As a child, my favorite window in our home in New Jersey was the double-sized one directly over the kitchen sink. My Nanny and Grandpop lived in the house right next door. It had an identical mirror-image floor plan, so in addition to getting a good view of our side yard and part of the back, I could often see Nanny at her kitchen window doing her dishes as I helped my Mom with ours.

As I grew older, and the dishes and some of the cooking responsibilities became mine, looking out at what was going on in a small bit of the world outside helped a job go more quickly and happily. In temperate seasons, the open window let cooling breezes in to mitigate the heat from the stove and carried the sounds of our neighborhood in to me. The vista was largely static in essentials with minor seasonal additions: snow in winter, rain, a  glimpse of summertime kids sneaking across yards on their way to mischief.
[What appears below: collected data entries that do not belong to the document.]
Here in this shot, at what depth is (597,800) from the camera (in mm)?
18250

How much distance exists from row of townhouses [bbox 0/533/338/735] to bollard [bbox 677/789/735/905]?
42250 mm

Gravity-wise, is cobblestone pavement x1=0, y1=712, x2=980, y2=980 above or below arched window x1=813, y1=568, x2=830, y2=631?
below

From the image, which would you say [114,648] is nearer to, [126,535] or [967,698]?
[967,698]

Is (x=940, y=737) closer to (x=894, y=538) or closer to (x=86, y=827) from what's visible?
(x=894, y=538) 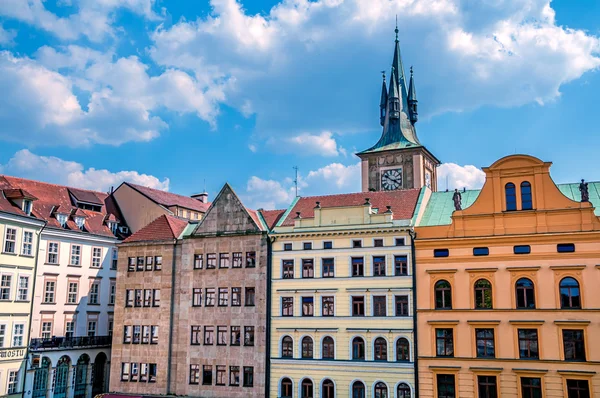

Beyond these little variations there was reassuring stability. The essentials of my view could be counted on, unaltered, each time I looked out. I cherished the familiar sameness: my view, my home, the smell of good food cooking, a peek at my stable outside world. My view from the kitchen became a talisman of the unchanging comforts of home.

Now that we live on a boat, my favorite window is still the one in the kitchen. It is now called the galley porthole, but it still provides me a glimpse of the world outside.

But now my window travels! Through it, I have been lucky enough to survey multiple cities and anchorages, boats and people without number and birds of many species.  Wind through the porthole has brought the smell of the sea, of rain, of barbecues on beaches and of port city factories. Three times, in two different states, I have peered through my galley porthole at the effects of hurricane winds until darkness fell and only howling remained. On other days it has framed the rainbows that have followed squalls. In some ways, it feels like a magic mirror, or a portal to many different universes. As Tommy and I venture to new places and try out our sailing skills against different conditions the changes I see through my kitchen window have been a minor shock to me.

The galley is the place on C Ghost where I feel most relaxed and most in command of my world. It is familiar and homey and helps ground me. The kitchen window is still my favorite window, but what it shows me is no longer stable. I can’t always count on a familiar view. Shifting scenes surprise me each morning as bleary-eyed, I start the coffee in a new locale. But it’s okay. Just as I felt joy in reassuring sameness before, now I am developing an appreciation for this changing panorama, this little snapshot of my world as it alters. No matter the view, it is still my view. It is my hope that this means I am growing. I would like to think that I can learn to feel confident in a larger world than the one I experienced when land-bound. Perhaps one day I can look at whatever my kitchen window shows me and still feel at home.